What makes Bill’s story so compelling is not that he takes on the Church in any grand fashion a la “Spotlight,” but that his inner voice and instinct win out despite Sister Mary and even Bill’s wife trying to convince him to stay quiet and do nothing. When, in the end, Bill removes an abused girl from the convent and walks her through town for all to see, back to his home, it isn’t played as some triumphant moment, but as an act of pure humanity. If it was a nervous breakdown that placed Bill in this circumstance, as Murphy acknowledges, it’s a sudden clarity and consciousness that calls forth his better angels.

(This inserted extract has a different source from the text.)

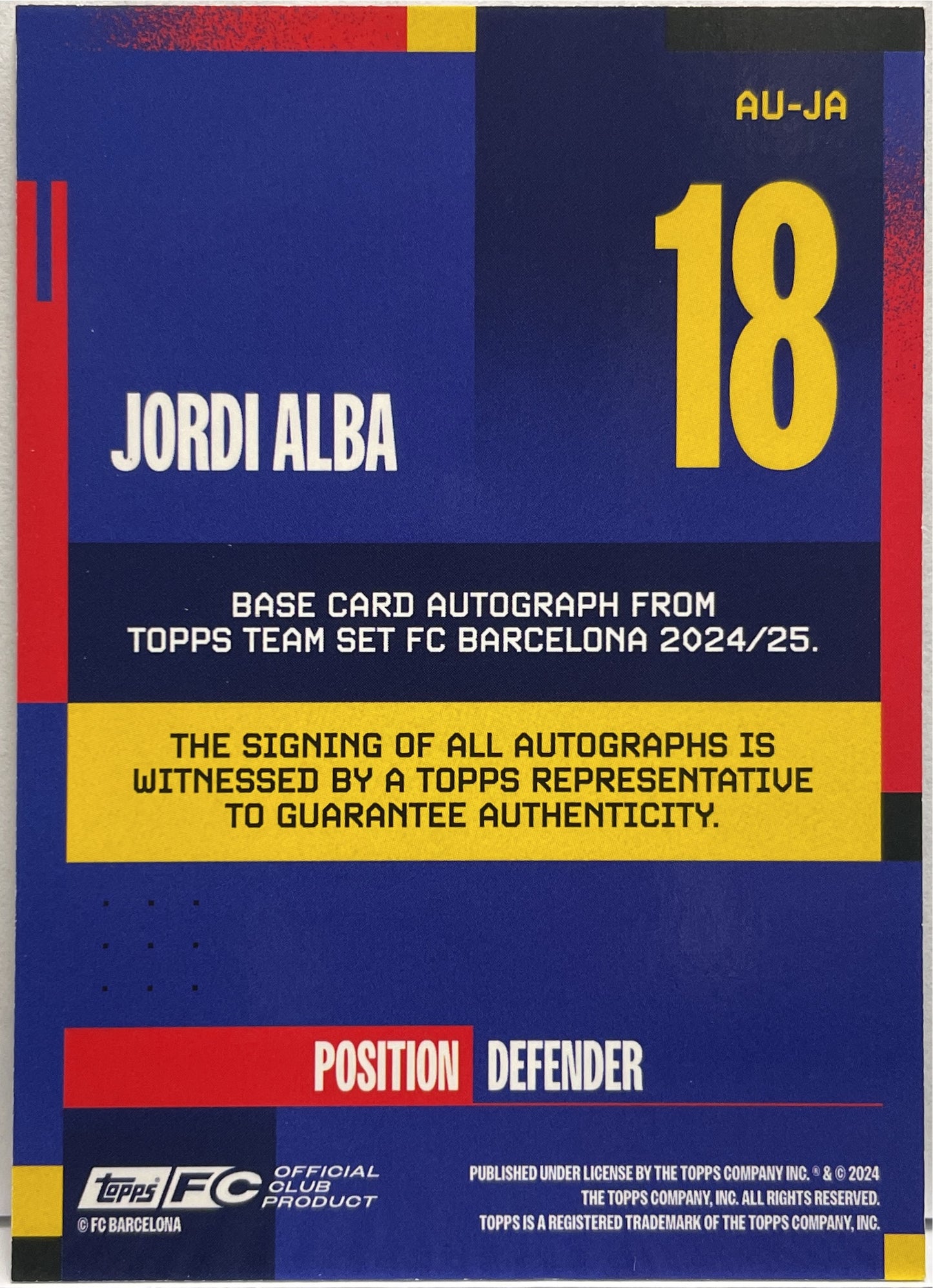 Jordi Alba 1/1 Autograph Topps Topps FC Barcelona Team Set 2024/25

“The reason, I suppose, I wanted to make it was I felt that it was — specifically about this time in Irish history and about this awful incarceration of young women and girls in Ireland during this period in time — but I felt there was a real universality to the story in terms of what Bill goes through and what he, what he actually does in the end,” said Murphy. “I felt like that people would really connect to it.”
At the same time, he isn’t trying to plant a message in anyone’s head or impress his atheistic beliefs on anyone else. Instead, Murphy hopes “Small Things Like These” brings to light a history that isn’t often discussed, but is worthy of re-evaluation.
“People can take from the film what they like,” he said. “I think good art isn’t prescriptive. It isn’t dogmatic. It should be like, ‘What do you think? Here’s the story we’re telling, what do you think?’”
As for future projects, it looks like Murphy plans on continuing to tell stories with director Tim Mielants, as they recently wrapped another production in July. The film is an adaptation of Max Porter’s novella, “Shy,” retitled “Steve,” and stars Murphy as a headteacher at a school for boys with societal and behavioral issues. The Irish actor and producer is also currently in production on the much-anticipated “Peaky Blinders” film for Netflix. As with “Oppenheimer” and “Small Things Like These,” he hopes to continue doing stories that carry an importance and get people talking.
Murphy told IndieWire, “I’m interested in stories that have a point of view and that can be entertaining, but also kind of provocative.”
“Small Things Like These” will be released in theaters by Roadside Attractions on Friday, November 8.